This guest blog post is by Kevin Deierling, VP of marketing at Mellanox Technologies. We thank Mellanox for being a sponsor.
Many Ethernet switch vendors stress the need for large buffers in switches to achieve optimal network performance. In fact, enormous buffers aren’t needed to achieve optimal performance, but rather to accommodate architectural flaws in the switch ASICs used by these systems.
Instead of improving performance, these big, bloated buffers actually lead to increased latency and reduced performance.
To justify enormous buffers, vendors invoke the idea of accommodating temporary fluctuations or “microburst” traffic. Interestingly, Arista published a whitepaper debunking the myth that large buffers are needed to accommodate microbursts.
This paper correctly identifies that large buffers are required not because of microbursts, but because “legacy designs” did not have sufficient switching capacity to support full wire-speed switching. The motivation for buffering was not to overcome microbursts, but rather to overcome the performance limitations of legacy designs.
Unfortunately these performance limitations have persisted and indeed have actually gotten worse, even in so-called “high-performance” switch ASICs. For example, the majority of switches have been demonstrated to be unable to switch small packets at full line rate without losing packets (www.zeropacketloss.com).
For example, switches based on the Broadcom Trident or Tomahawk ASICs not only exhibit severe packet loss (~30 percent of the frames are dropped for minimum-sized packets), but even 4 percent of packets when using a typical Internet mix (IMIX) of large and small packets.
This level of packet loss absolutely kills performance. So some system vendors have proposed big bloated buffers as the solution.
In fact, relying on buffer bloat to patch the problem of poorly performing switch ASICs not only increases costs dramatically but actually increases latency and degrades application performance. An optimized switch data plane is a far superior solution and delivers improved price/performance across the board.
Two Types of Packet Loss In Lossy Networks: Unavoidable And Inexcusable
In a traditional Ethernet network there are only two[¹] reasons that packets are dropped at an appreciable rate:
- Incast microbursts – Congestion due to network traffic flows that oversubscribe the bandwidth of a given link or endpoint.

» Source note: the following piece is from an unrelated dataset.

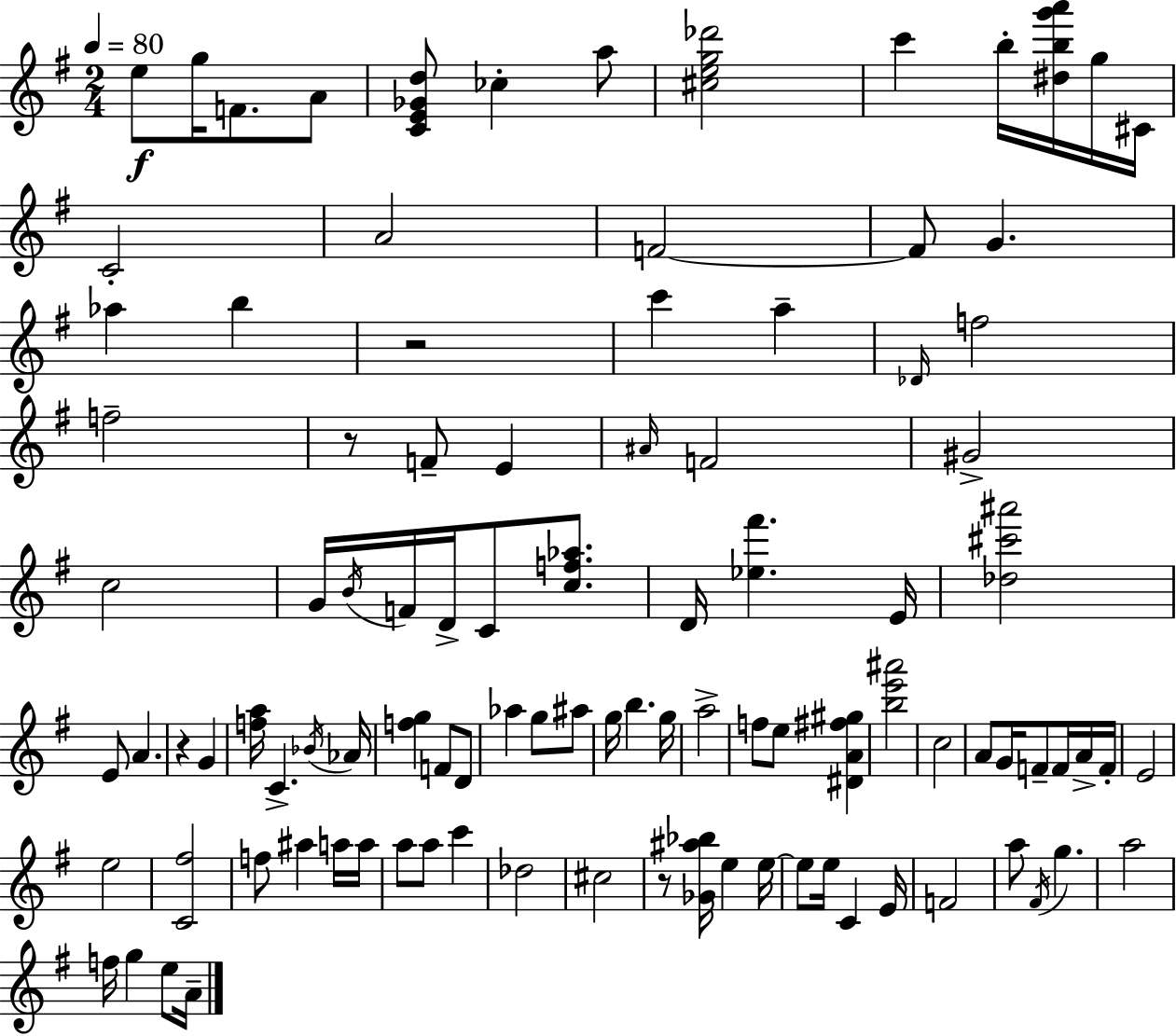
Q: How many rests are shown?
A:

These network traffic patterns are the microburst flows described above.
- Avoidable – Packet loss due to internal switch packet forwarding limitations – even under circumstances when the traffic pattern should have been switchable without causing any port contention or over-subscribed links.
The first type of packet loss is an undesirable but unavoidable consequence of transports like TCP/IP, which use dropped packets as a form of implicit congestion notification.
However, there is absolutely no excuse for the second type of packet loss. In this case the ASIC itself is the cause of the problem, as it is unable to forward small packets at full wire speed because of internal crossbar or forwarding table lookup limitations. Such sub-line-rate ASICs may resort to larger buffers in order to hide these forwarding limitations of the internal crossbar switch.
However, if the ASIC is unable to switch at full line rate, then no buffer size is large enough to prevent eventual packet loss under conditions of sustained small-packet traffic.
Furthermore, making the packet buffers larger to accommodate internal switch device limitations actually increases forwarding latency and degrades network performance. This is because a new packet entering the switch goes to the back of the line for a given output and class of service level and all the packets ahead of it in the buffer must be transmitted before the new packet can be transmitted.
So big, full buffers increase the latency dramatically. Instead of worrying about store-and-forward latency of jumbo frames with a sub-line-rate ASIC, the network engineer needs to worry about the packet latency caused by megabyte packet buffers (1.8us/Jumbo Frame vs 200us/MB @ 40Gb/s).
Some switches boast of Gigabytes of buffering; however this would incur 200ms/GB of buffer. This level of buffering is entirely useless as senders would interpret delays of this magnitude as lost packets and retransmit, thereby exacerbating the congestion problem. So Big, Full Buffers (BFB) mean LATENCY with a capital ‘L’ and are really a bad idea.
Non-Blocking Switches Critical
It is critical to use zero-packet-loss switches and avoid sub-line-rate ASICs. ASICs with internal packet forwarding rate limitations have the unfortunate consequence that the buffers can be filled to near capacity, even when there is no microburst incasts to cause congestion!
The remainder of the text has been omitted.